With Tableau, TileMill, or even with ESRI ArcGIS online this task is not that big. The data is easily accessible and well-organized. But this is exactly where standard mapping differs from making infographics. I am quite sure that our teacher does not want the standard map. In the first assignment I created a map and Alberto commented: “However, it doesn’t improve the original as much as it could. The reason is that you are forcing me to click on each country to get the data, rather than giving me the opportunity to explore the data in different ways, such as creating rankings, comparisons between countries, etc.”. So no standard map this time, but something that will focus on the exploration.

I decided to focus on two of the questions that are raised in the assignment:

  • What kind of graphs or maps would you need to tell a compelling story based on this?
  • How would you give context to the data?

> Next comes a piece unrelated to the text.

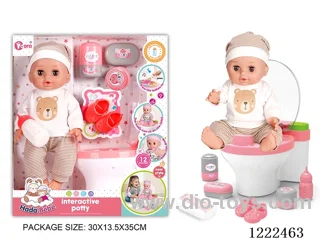 14 inch Vinyl Doll Toilet Set W/12 IC（W L/M/Drinking/ peeing/ doll included 3*AG13，toilet not included 2*AAA）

If we are talking about unemployment during the first period of Obama there are  some nice infographics on this subject already in the run to the elections.

My approach: Geo Tagging

The latest data available is from September 2012 and looking at that data you immediately see the big differences between states. Montana, Wyoming, North and South Dakota, Nebraska. From my times being there I know the views of large (or even more than large) plains, the emptiness. The number of people per square meter must be very low. On the other hand the giant peak in California, and the higher (but not peak) values in the dataset for states along the east coast, and the big cities like Chicago, Detroit, and states like Texas, and Florida. My first impression of the dataset is that it is not averaged by population density.

In order to map the data, and to show the population – unemployment relation the data must be geo-tagged. Since the data is ordered by state, and the state codes are given this is not a difficult task. MaxMind offers a nice table of states and their longitude and latitude. By combining this data with the given data set I now at least have point data that is geo referenced. And so it can be mapped with a centroid.

Then I started to play with tableau public. Within the map option of the software there are several settings and datasets preloaded, population, population by race, occupations.

What appears to me is that population density and mixture of race both have effects on the figures. States with many big cities seem to have a higher unemployment rate. So a first step would be to map the data against the population density.

The Census Bureau Data

The United States Census Bureau has a nice dataset for the census of April 2010. Although the census data is for the full population, including those people that are too young to work, or those that are retired the figures change already with the first quick lay-out. Rhode Island that at first was a small dot, now suddenly becomes one of the largest. On the other hand California that seemed to be the state with an incredible high unemployment rate now has become an average player. All in all we see how the differences have become smaller when it comes to the percentage of the total population that is unemployed.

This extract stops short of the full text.